Because this species of salamander lives in such a small territory, it is highly vulnerable to extinction. Any disturbance to this area poses a threat to P. Petraeus as one disturbance affects the entire limited range of this species. This is especially true in the case of climate change as higher elevations are becoming warmer and losing their ability to maintain moisture levels. In the case of P. Petraeus, the loss of moisture within the eastern side of Pigeon Mountain can diminish the amount of land in which the species is able to dwell, raising the potential for extinction of the salamander. Additionally, the increase in the spread of the fungus chytrid can serve as a means of extinction for these salamanders.
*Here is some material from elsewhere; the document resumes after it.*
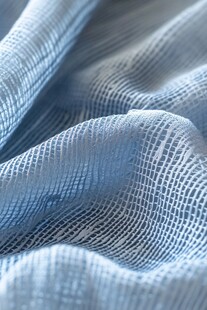 蓝色网状纹理布料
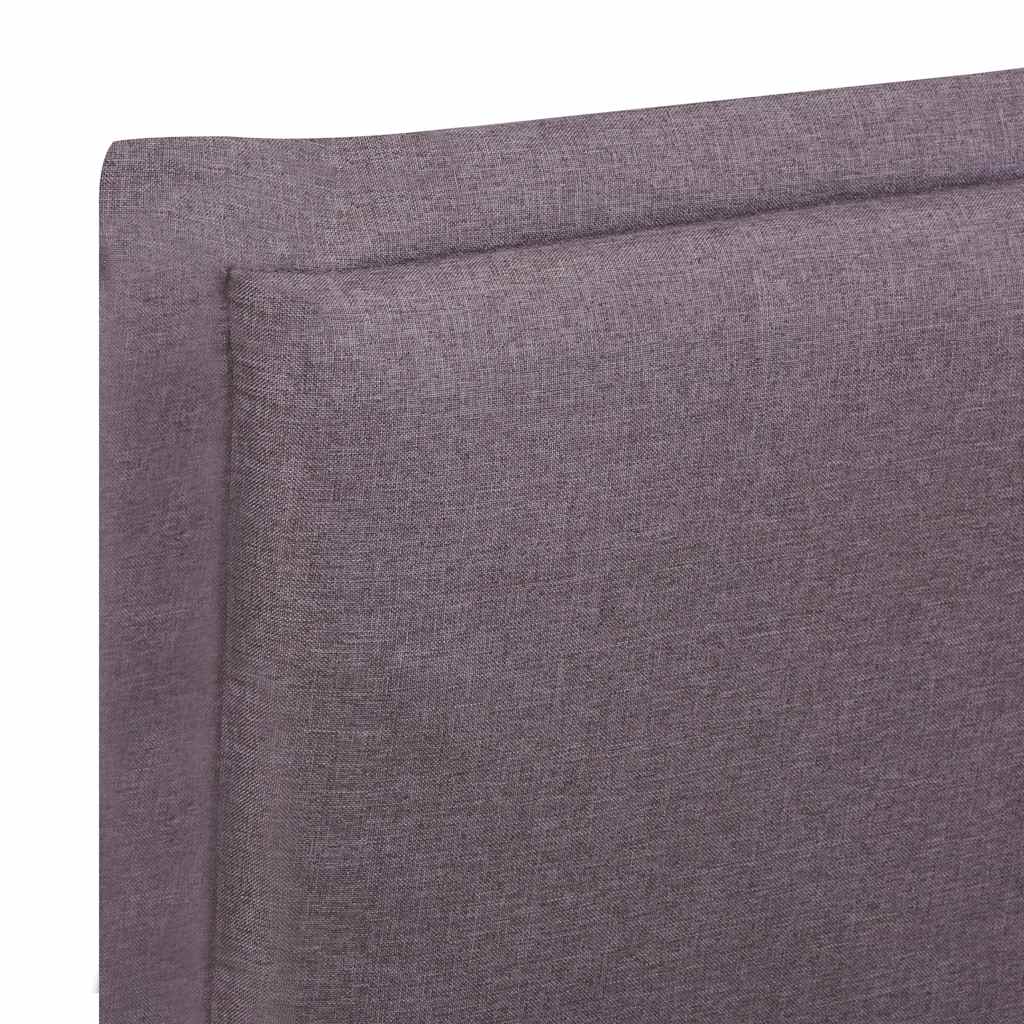 Taupe Fabric Double Bed Frame 135x190 cm - No Mattress Included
Because of the vulnerability of this species, the Georgia Department of Natural Resources has named P. Petraeus as a rare and protected species. Furthermore, P. Petraeus has been placed on the IUCN Red List as an "At-Risk" species because of its small geographical range. Fortunately, the eastern side of Pigeon Mountain is steep and relatively undisturbed by humans and other large mammals.

==Recovery plan==

The Amphibian Foundation has created a conservation program known as the Conservation Research Bridge Program in attempt to resist the extinction of P. Petraeus. This program has worked in accordance with the Georgia Department of Natural Resources to create a captive breeding program whose aim is to increase the amount of P. Petraeus that exist on Earth. This captively bred colony can be used to replace the wild colony of P. Petraeus in the case of chytrid infection or any other means of extinction. Very little research has been done on this species, aside from work that has been done by K. Donlon et al. indicating that low genetic diversity exists within this species.